Mon sentiment… c’est que moi, je me sens très, très bien ici
En contrepartie, votre club vous a-t-il précisé ses intentions quant à votre avenir, pour la saison prochaine ?
Je n’ai jamais trouvé cet article dont tout le monde parlait et dans lequel on disait que Paderborn souhaitait lever l’option d’achat me concernant. Après, je n’ai pas cherché plus que ça et je suis vite passé à autre chose. J’espère qu’on aura ce genre de discussion une fois que le football aura vraiment repris. Mon sentiment… c’est que moi, je me sens très, très bien ici. Je sais qu’on est content de moi et j’ai d’excellents rapports avec tout le monde. Mais souvent, il y a plein d’autres facteurs qui dictent les décisions en football. En plus, le directeur sportif a changé depuis peu, donc j’imagine qu’ils vont approfondir ce genre de question bientôt.
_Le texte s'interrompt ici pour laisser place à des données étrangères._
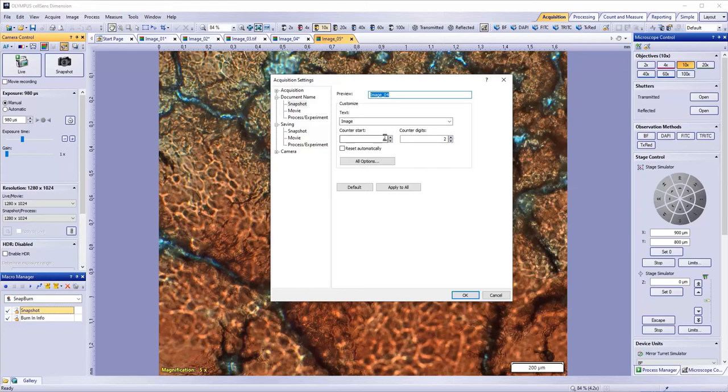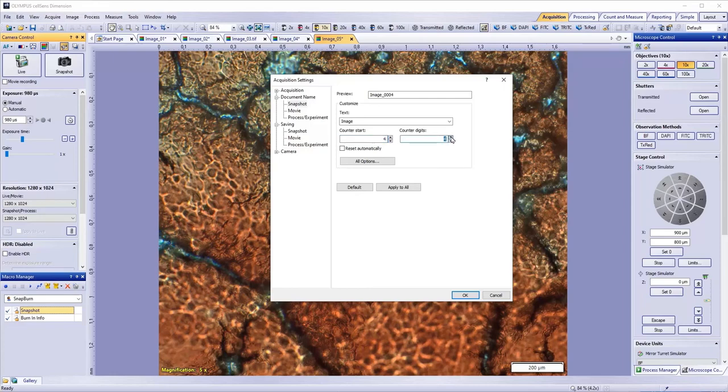You can also tell the program to start at a specific number by entering it in the Counter Start. Change the counter digits to tell the program how many digits of the counter to display. Using the Reset will reset the counter to 1 once you restart the program.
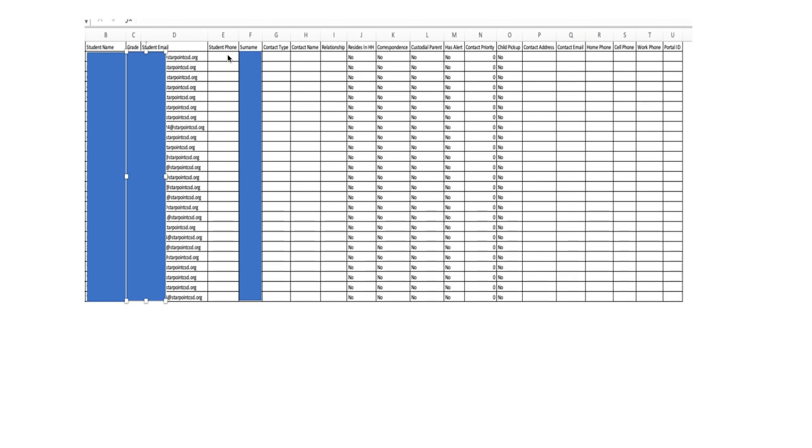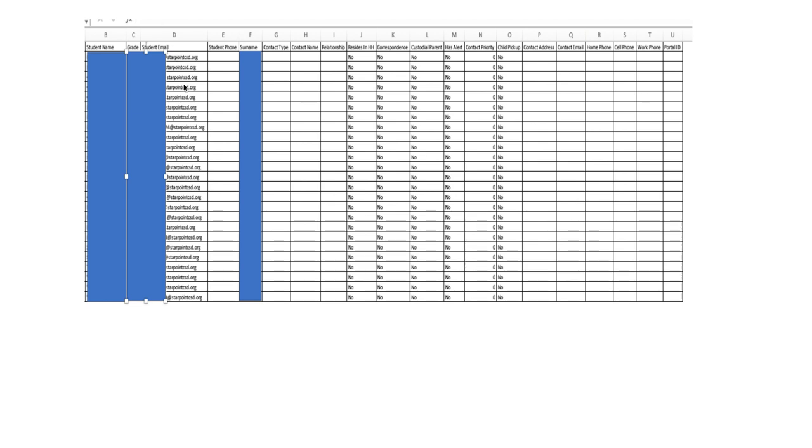Now, all of these columns from E all the way to the end, you don't need them. So you can just highlight them and delete them. All you need is this list right here. This is student email. So if you want to keep the names and grades with them, you can. But I would delete B and C and then E all the way through. And now you have just a spreadsheet of your student emails in alphabetical order. You can take that list and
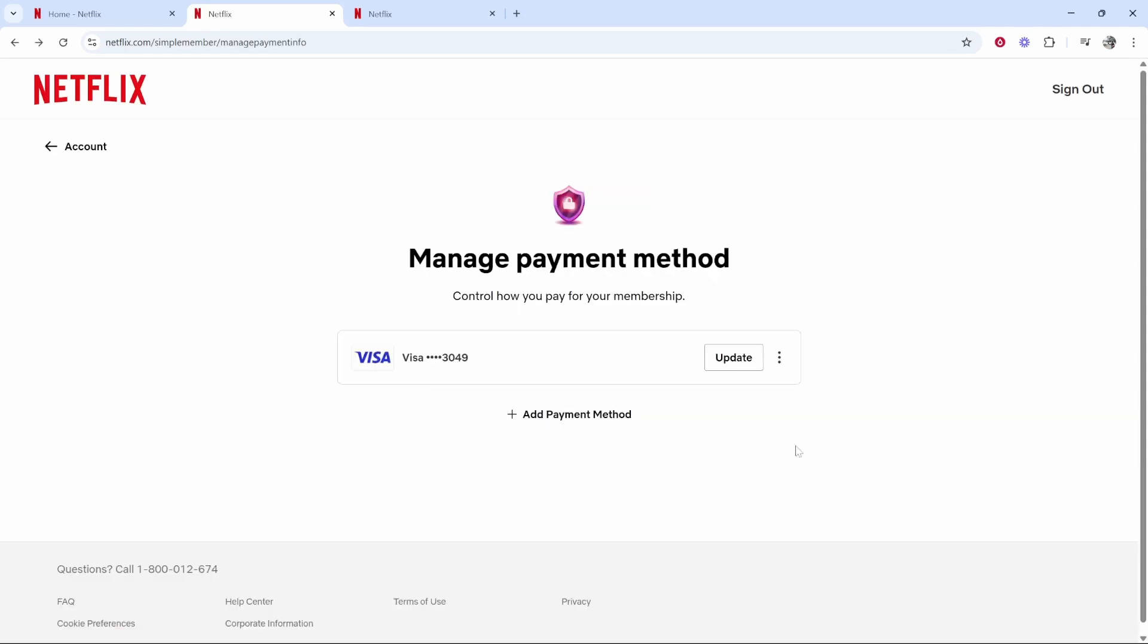Once you've done that, you'll see your card update here, and you can then click the Update button to select that card. Any existing card that you want to remove, click on the three dots and then click Remove, and it will allow you to remove it if you've got more than one card on file. So that's all you have to do.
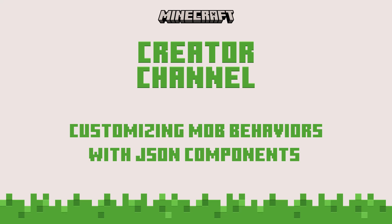Hi everyone, my name is Mike, and today we're going to explore how to customize the behavior of your mobs and entities inside of Minecraft.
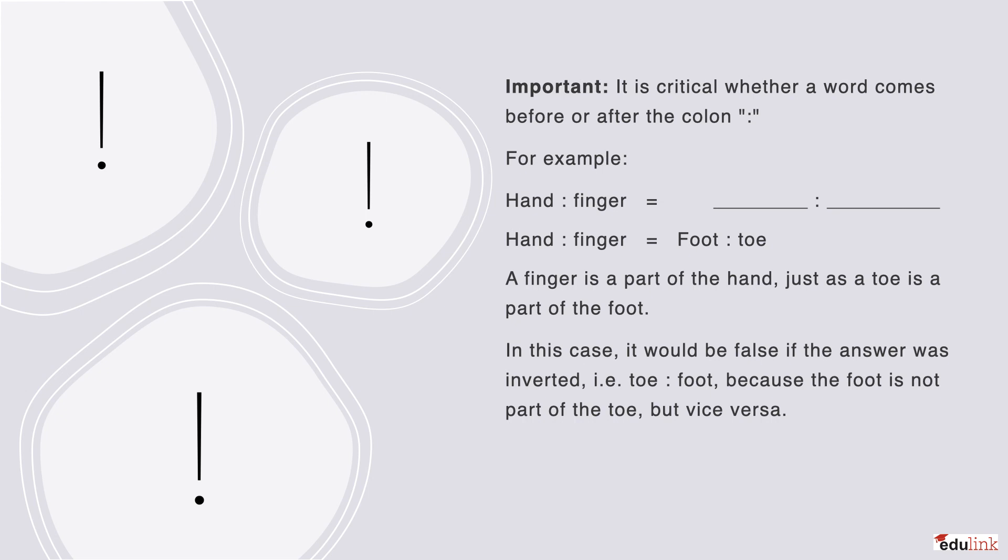It would be false if the answer was inverted to say that hand is to finger, like toe is to foot, because the foot is not part of the toe. So order is a very important aspect that you should make sure to note each time.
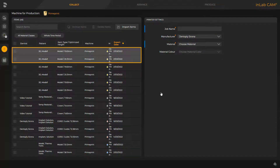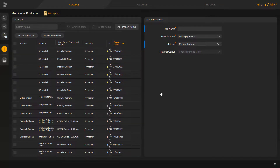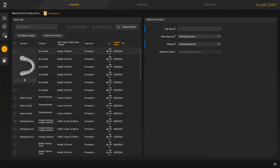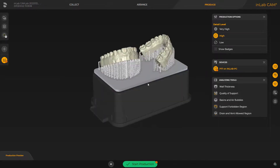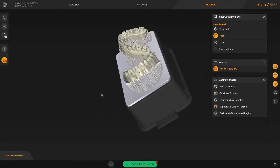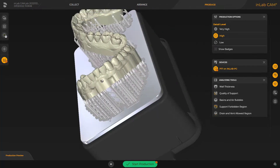Once both models are displayed in the InLab CAM software job list, we click the job icon on the very left side of the screen. By doing this, the job is directly transmitted to the produce phase. All steps and features of the arrange phase are performed automatically. Before starting the print process, we view both solid models from all directions. As can easily be seen here, the drains were also automatically determined.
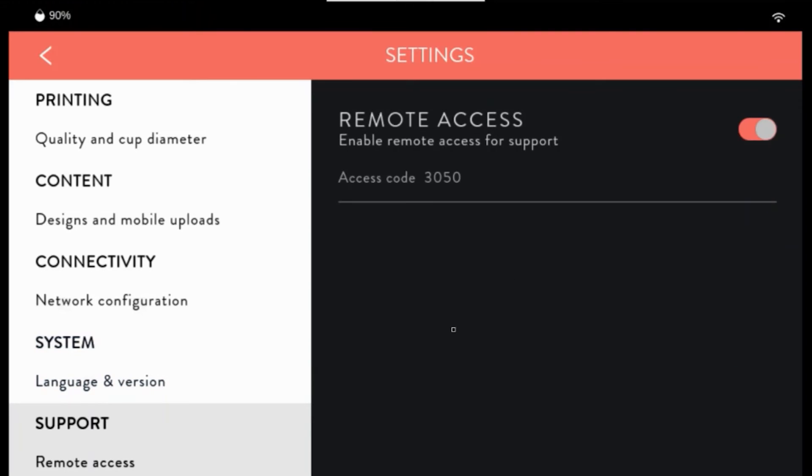To give support remote access, toggle this switch and give them the access code.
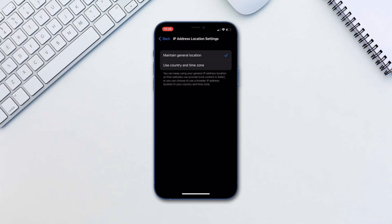Use Country and Time Zone uses a broader location for your IP address, still within your Country and Time Zone.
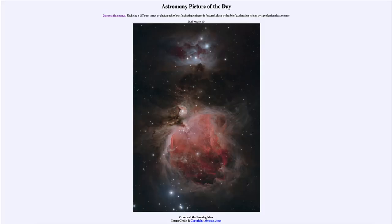Greetings and welcome to the introduction to astronomy. One of the things that I like to do in each of my introductory astronomy classes is to begin with the astronomy picture of the day from the NASA website — that is apod.nasa.gov/apod. Today's picture for March 10th of 2023 is titled 'Orion and the Running Man.' Here we see several nebulae in the star-forming region of Orion.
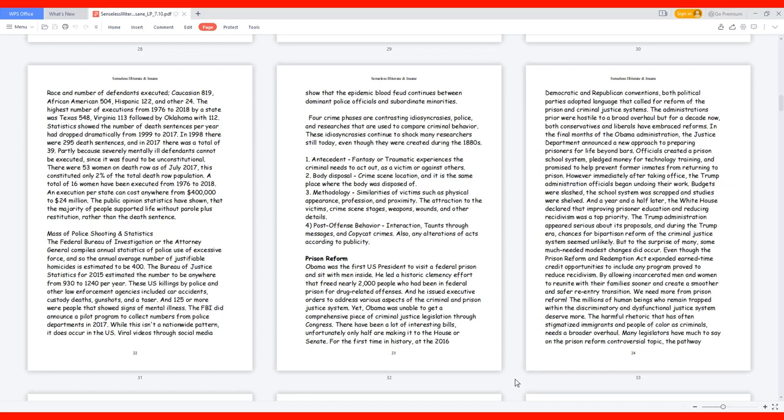Prison Reform. Obama was the first U.S. president to visit a federal prison and sit with men inside. He led a historic clemency effort that freed nearly 2,000 people who had been in federal prison for drug-related offenses and issued executive orders to address various aspects of the criminal and prison justice system. Yet Obama was unable to get a comprehensive piece of criminal justice legislation through Congress.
Et les dirigeants messins ? Ont-ils appelé ces derniers temps ?
J’ai eu Philippe Gaillot (NDLR : le directeur sportif du club grenat) au téléphone il y a quelques semaines, quand tout s’est arrêté. Il m’a un peu parlé de la situation en France par rapport au Covid, m’a aussi dit de rester courageux face à tout ça. Ils ont suivi ma saison jusqu’à présent, et Philippe Gaillot m’a aussi dit qu’il était content de voir que j’étais bien. Alors voilà, Paderborn a une option d’achat et il peut la lever. J’imagine qu’il y aura une discussion parce que dans cette histoire, tout le monde doit être content. C’est pour ça que j’espère aussi que Metz me donnera son point de vue.
Si la Bundesliga reprend, quelles sont vos chances de sauver votre peau, vous qui comptez six points de retard sur le barragiste à neuf journées de la fin ?
Bien sûr qu’on y croit ! Soyons honnêtes : ça va être difficile, on le sait, mais on y croit ! On a jusqu’à présent perdu beaucoup de points bêtes, mais on joue encore le Fortuna Düsseldorf et le Werder Brême, deux concurrents directs, des matches à six points. Et puis depuis qu’on n’a perdu que deux fois 3-2 contre le Bayern et qu’on a fait match nul contre Dortmund (3-3), on sait qu’on peut prendre des points contre n’importe qui.
Un de vos meilleurs amis, Chris Philipps, s’ennuie un peu plus que vous en Belgique, à Lommel. Et se venge sur sa Playstation, puisqu’il a œuvré pour la section e-sport de la FLF, tout récemment…
(Il rit) Et je n’ai pas regardé ses matches ! Mais franchement, ça valait bien le coup d’éliminer la Belgique et Thibaut Courtois pour finir par tomber contre l’Arabie saoudite (NDLR : lors de l’eNations, qui aurait dû être une compétition officielle finalement annulée en raison de problèmes techniques et qui est devenue amicale, le Luxembourg a éliminé la Belgique puis la Suède avant d’être battu 5-4 par les Saoudiens)… Non mais, en vrai, à la Playstation, Chris, il est très fort. Le plus nul, c’est Ralph Schon. Et les rares fois où j’affronte Chris, en général, c’est dur… Mais demandez-lui, à l’occasion, le score d’un match qui nous a opposés, lui et moi, pour voir s’il s’en souvient…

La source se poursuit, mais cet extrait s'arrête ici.